When I added the SSC-32 forwarding code to the Arduino Mega version of the phoenix code it was a piece of cake as I had the SSC and the DBG and XBEE all on UARTS, where the hardware would detect characters coming in and buffer them for me. At times it would be great to do this with the Bap28 or Arc32. The problem is that we don’t have that many uarts. Side but interesting note is that with one set of libraries for the AVR processors (webbotlib), he added software UARTS for specific pins. These are pins that are connected up to to timers. That made me think about doing something similar to that on the Baps. I have not done any coding yet, but I don’t think it would be very difficult.
Pins 9-12 of the Bap28 are connected to the H8 pins FTIOA-FTIOD when can be directly controlled (either input or output) by TimerW.
Example suppose we wish to capture input from the SSC-32 on pin 11. We would setup the TImerW such that we have input capture on this pin and assuming that the signal is high until we receive a stop bit we setup to capture the input when the signal goes low and we set it such that we receive an interrupt.
When this interrupt arrives the register GRB will have the exact time when then start bit started. We then have a couple of choices how to handle it. Probably the easier one to implement would then to set an interrupt at the time the start bit started plus 1.5 bit periods (minus maybe some fudge factor for interrupt latency). When this interrupt happens we grab the IO state and interrupt again in one clock cycle… repeat until we get to the stop bit and we add the byte we received to an input queue…

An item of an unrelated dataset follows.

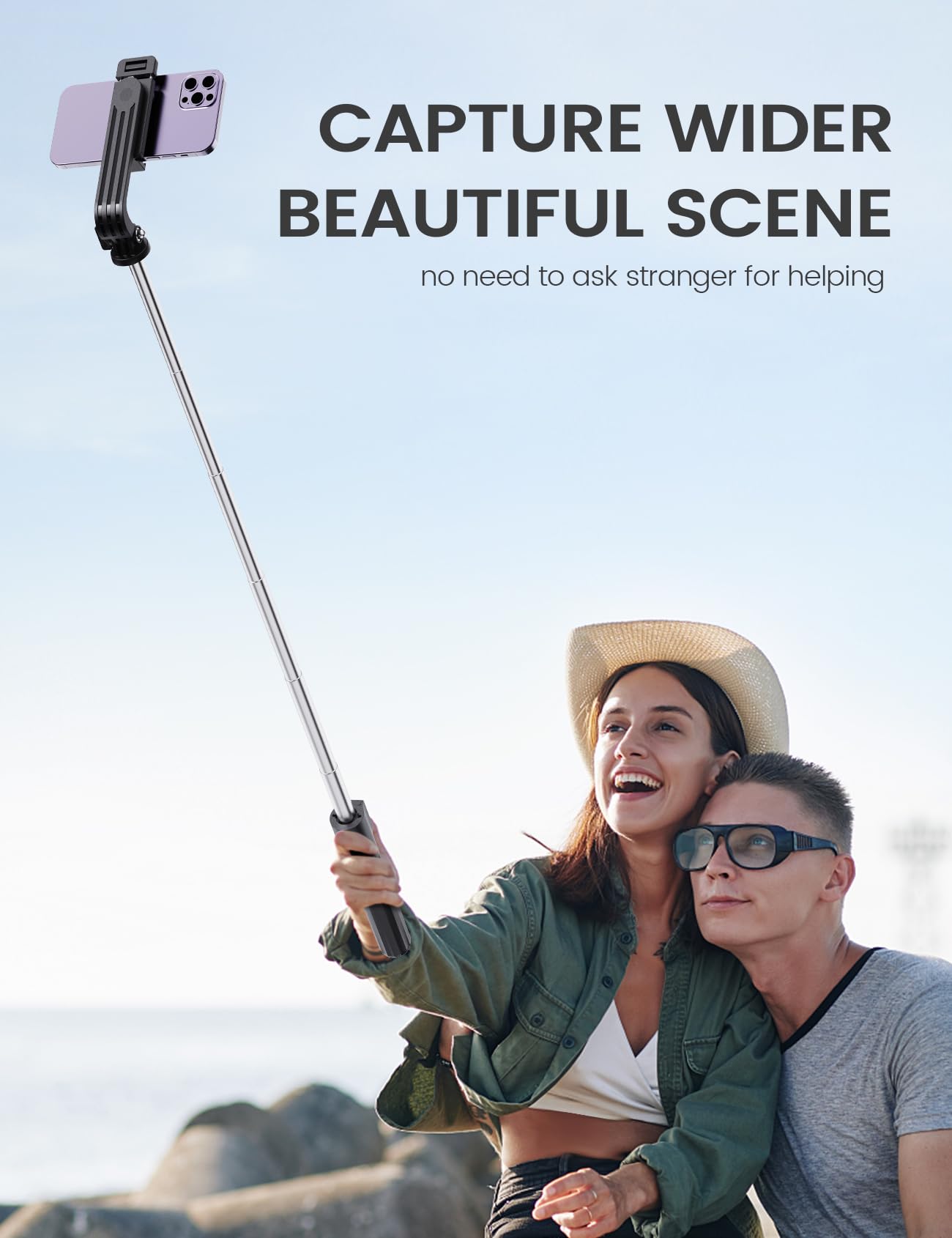 ANXRE 41.7-inch extendable selfie stick and tripod capturing a couple outdoors with scenic mountain and lake background views using the wireless remote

A possible different handling of the first interrupt would be to then setup the interrupt to again wait for another transition and then calculate how many bit periods were between the transitions. But there is an issue of potentially knowing when a stop bit comes as the previous bits may already be in that state. Options to handle this include: use timer overflow interrupt to catch it and/or know when the next start bit comes, or if the user asks for characters have it detect that a partial character is pending and enough time has elapsed… I think this approach would have a little less overhead, but is more likely to be buggy…
Note: HSERVO uses wtimer/ztimer so you could only do this in programs that did not use hservo…
The question is, is this worth doing? If it is it may be awhile before I try it as I have a few other side projects going on.